→ INPUT RECORDS:
******
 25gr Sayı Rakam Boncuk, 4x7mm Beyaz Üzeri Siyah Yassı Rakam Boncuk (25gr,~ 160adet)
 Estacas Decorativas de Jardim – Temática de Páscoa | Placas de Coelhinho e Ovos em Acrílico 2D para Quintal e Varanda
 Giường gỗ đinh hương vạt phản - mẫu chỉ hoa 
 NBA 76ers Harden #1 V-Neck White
******
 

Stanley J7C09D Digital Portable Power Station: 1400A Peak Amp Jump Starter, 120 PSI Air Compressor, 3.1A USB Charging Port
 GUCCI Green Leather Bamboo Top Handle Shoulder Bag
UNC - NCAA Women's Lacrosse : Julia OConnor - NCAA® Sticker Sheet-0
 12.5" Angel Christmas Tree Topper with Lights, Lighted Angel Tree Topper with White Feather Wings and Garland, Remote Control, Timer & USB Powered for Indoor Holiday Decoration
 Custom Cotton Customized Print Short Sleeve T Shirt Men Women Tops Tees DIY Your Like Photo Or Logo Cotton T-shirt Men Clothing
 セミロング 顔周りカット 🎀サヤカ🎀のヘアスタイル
******
→ WHAT TO PRODUCE:
Starting from the records above, copy each line where the string "White" is found.

→ TASK SOLUTION:
 NBA 76ers Harden #1 V-Neck White
 12.5" Angel Christmas Tree Topper with Lights, Lighted Angel Tree Topper with White Feather Wings and Garland, Remote Control, Timer & USB Powered for Indoor Holiday Decoration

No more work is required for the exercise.